The Principal Variation ( pv for short ) is a series of best moves for both players in a search of depth > 1.
E.g. for the starting position, it maybe evaluated at depth = 4 that 1. e4 e5 2. Nf3 Nc6 is the best line for both players.
This entire line is the principal variation.
It is always in the order of occurrence. If the first move is made, then the second move can be made in the new position.
Note that the order is sequential with respect to depth - i.e. e4 is the best move at the root. Then e5 is the best move at next depth and so on.
Collecting the Principal Variation requires a little deeper understanding of DFS algorithm.
The concept of collecting the PV is simple:
If best move is found at father then append the son's principal variation to the best move of father. This is the principal variation at father.
Thus, pv at depth d = best_move at d + pv at d -1.
pv at depth 0 is never updated because at depth = 0, eval is returned.
pv at depth = 1 is best move at depth = 1.
pv at depth = 2 is best move at depth = 2 + pv at depth = 1.
pv at depth = 3 is best move at depth = 3 + pv at depth = 2 and so on...
This is because - information about the bestness of a move propagates upwards.
The father is good only because his son's are good for him (even though father and son both have exactly opposite intentions).
Check the above diagram as an example.
The grandfather is the root position from where search is called with depth = 2.
Therefore at grandfather, depth = 2
He has 2 sons - father1 and father2.
Whenever, the position at father1 or father2 is called, depth = 1.
In a DFS father1 and father2 will not be compared directly till depth = 0 is reached.
Hence, first father1 is picked. To evaluate him completely, his sons are picked.

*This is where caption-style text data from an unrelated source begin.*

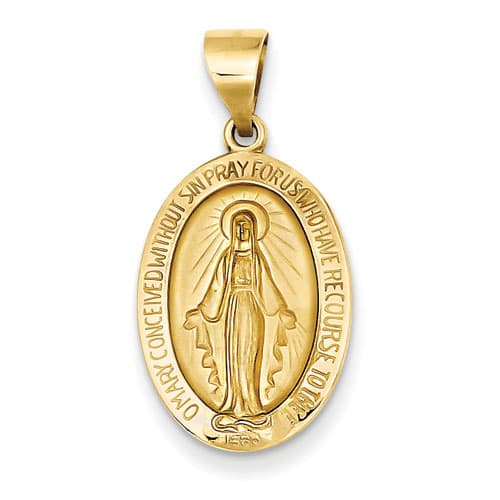 Unisex Gold Classics(tm) 14kt. Polished Mary Medal Pendant - image 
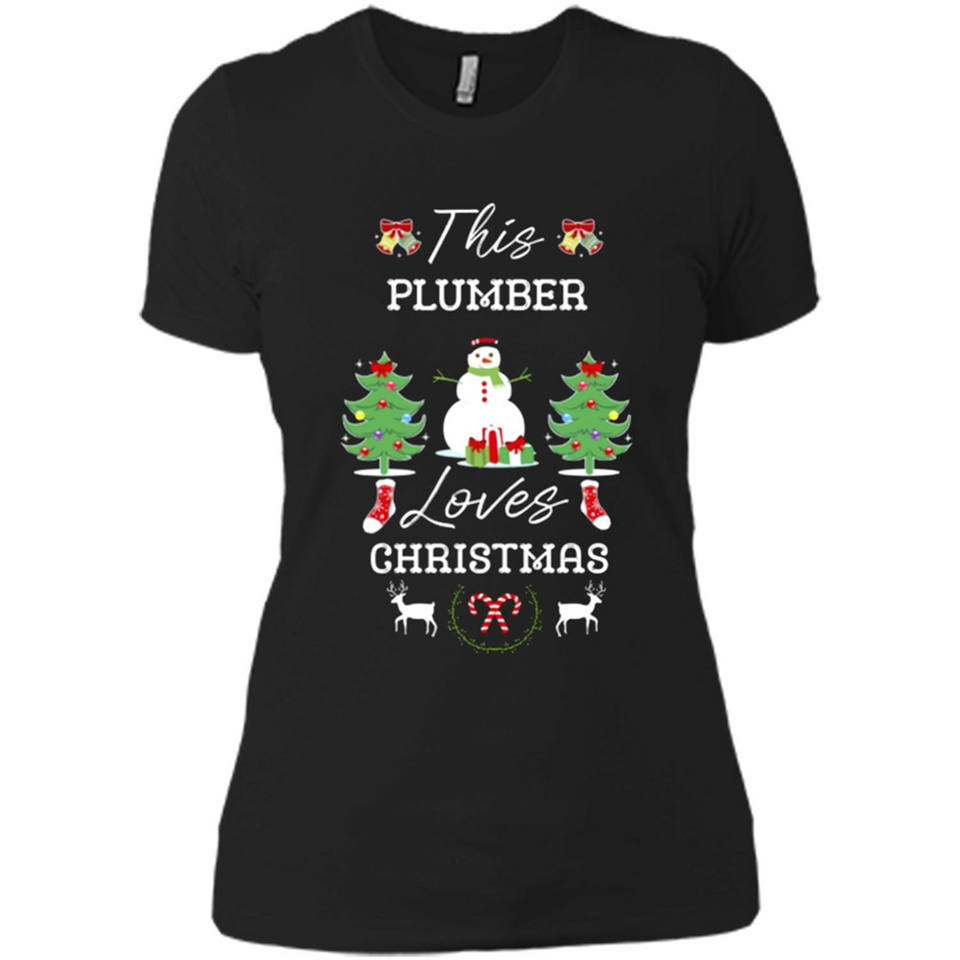 This Plumber Loves Christmas Tree Shirt with Snowman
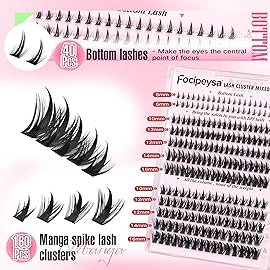 Focipeysa Spike Eyelash Clusters Wispy Lash Clusters Salon Effect Individual Lash Extensions Volume Clusters Eyelashes Extensions 10-16mm C Curly DIY Clusters Lash Extensions at Home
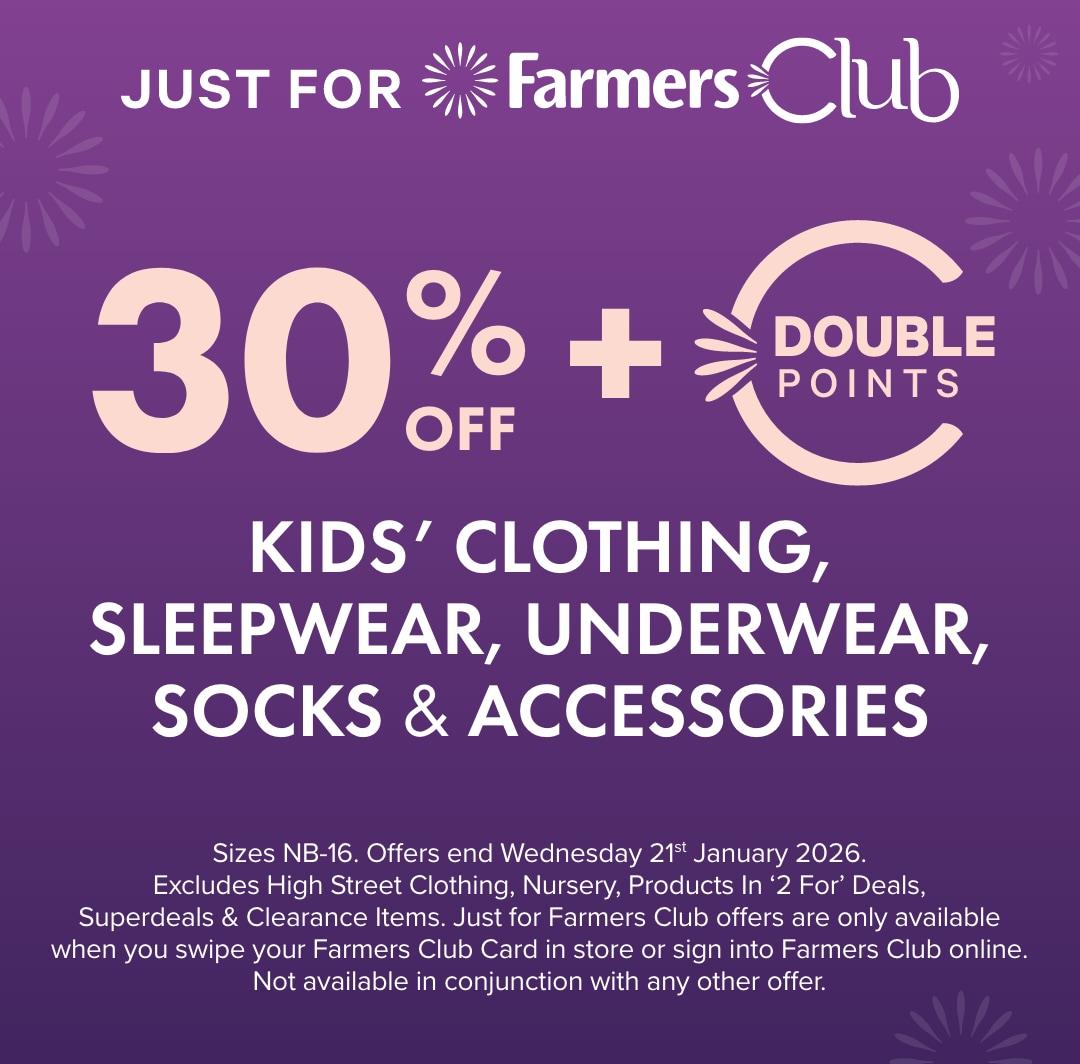 30% OFF Kids' Clothing, Sleepwear, Underwear, Socks & Accessories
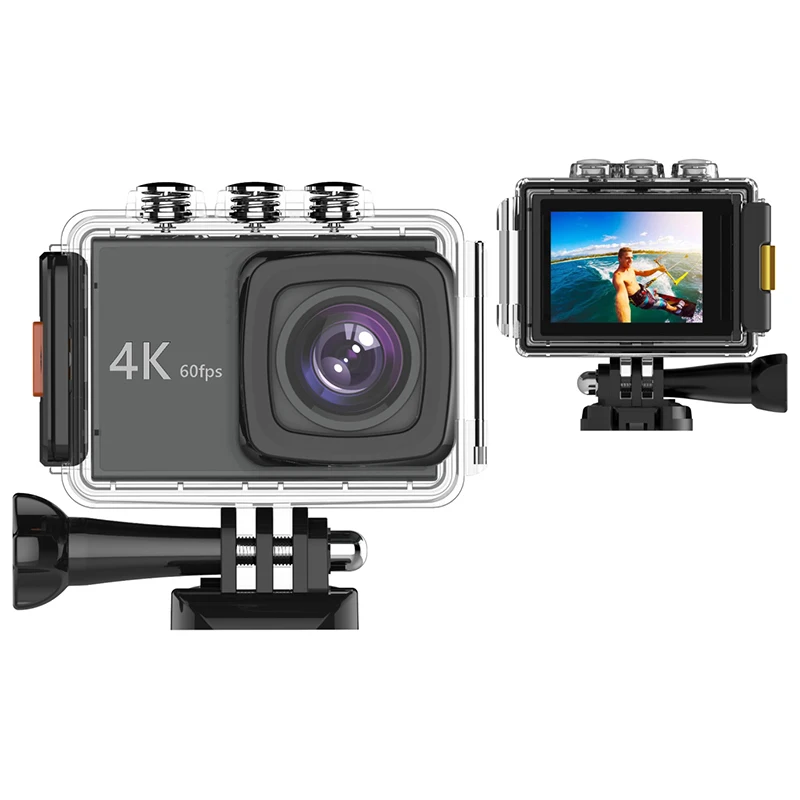 Экшн-камера K90 4K/60Fps 20 МП Ultra HD 4K Спортивная Wi-Fi Sn с голосовым управлением EIS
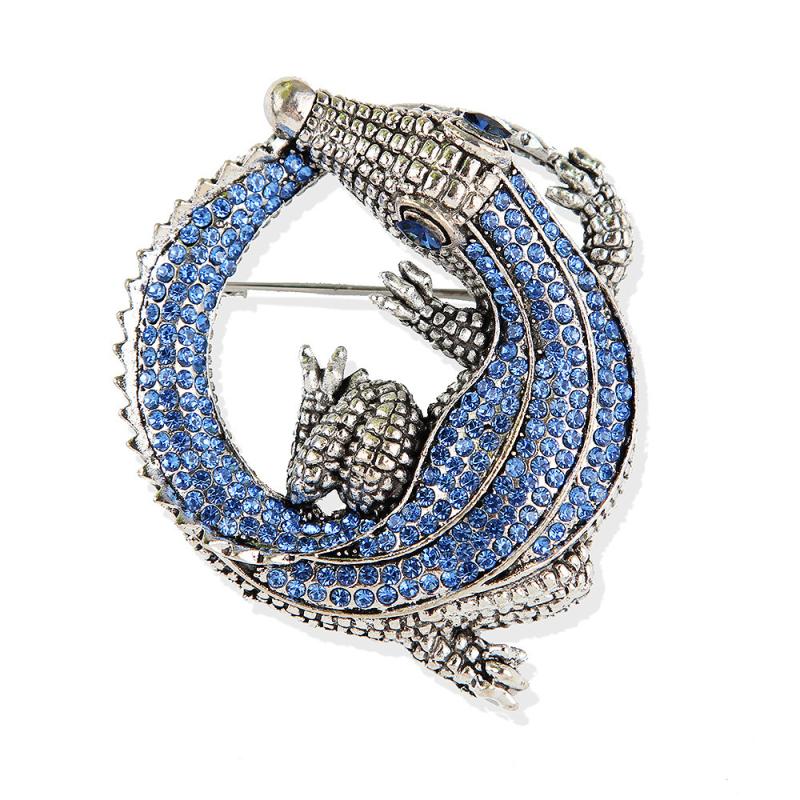 Модные винтажные броши из крокодиловой кожи со стразами для женщин, одежда, пальто, вечеринка, аксессуары, подарки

When the positions at sons are reached, then depth = 0.
There is no further move generation and eval is returned.
son1 is the best move at depth = 1.
The value of father1 = value of son1 (2) at depth = 1.
father1 returns this value to grandfather.
Now grandfather finds out that at depth = 2, father1 is the best as father2 is not yet evaluated (He compares father1 with -infinity)
He updates his score to that of father1 (2).
Also, he records that best move at depth = 2 is father1.
Hence pv at depth = 2 is best move at depth = 2 + pv at depth = 1
pv at depth = 2 is father1,son1.
Then father2 is evaluated.
son2 is the best move for father2.
He updates his score = -4.
He updates that the best move at depth = 1 is son2.
He returns this information to grandfather at depth = 2.
Grandfather finds out that he is not better than father1 and rejects him (does nothing or he will go for father3).
If son2 would have score > 2 (say 5) and then father2 would have score = 5.
Grandfather would find that 5 > 2.
He would update his score = 5.
He would update that best move at depth = 2 is father2.
pv at depth = 2 is best move at depth = 2 + pv at depth = 1.
But now, pv at depth = 1 would have been son2.
Hence, pv at depth = 2 would be father2,son2
Also notice that finally, the score of grandfather will be equal to score of son1 or son2 whosoever is best.
Implementation in TSCP:
In TSCP, there are 2 data sets used to collect pv (refer data.c and search.c).
move pv[MAX_PLY][MAX_PLY];
int pv_length[MAX_PLY];
Also pv is collected not using depth variable but using ply variable.
ply will inversely vary with depth i.e. depth will decrease by 1 and ply will increase by 1.
At root position (grandfather), depth = 2 but ply = 0.
At the sons, depth = 0 and ply = 2.
The best move at a particular ply will always be stored as the diagonal element of the pv[ ][ ] array.
pv[ply][ply] = gen_dat[i].m;
E.g. here, first, whenever min or max would be called, pv_length[ply] = ply will be updated.
Only then it will be checked, whether depth == 0 and eval() will be returned.
Initially when father1 is evaluated fully,
pv_length[2] = 2,
pv_length[1] = 1
and pv[1][1] = son1
ply = 1
The code (search.c) is
for (j = ply + 1; j < pv_length[ply + 1]; ++j)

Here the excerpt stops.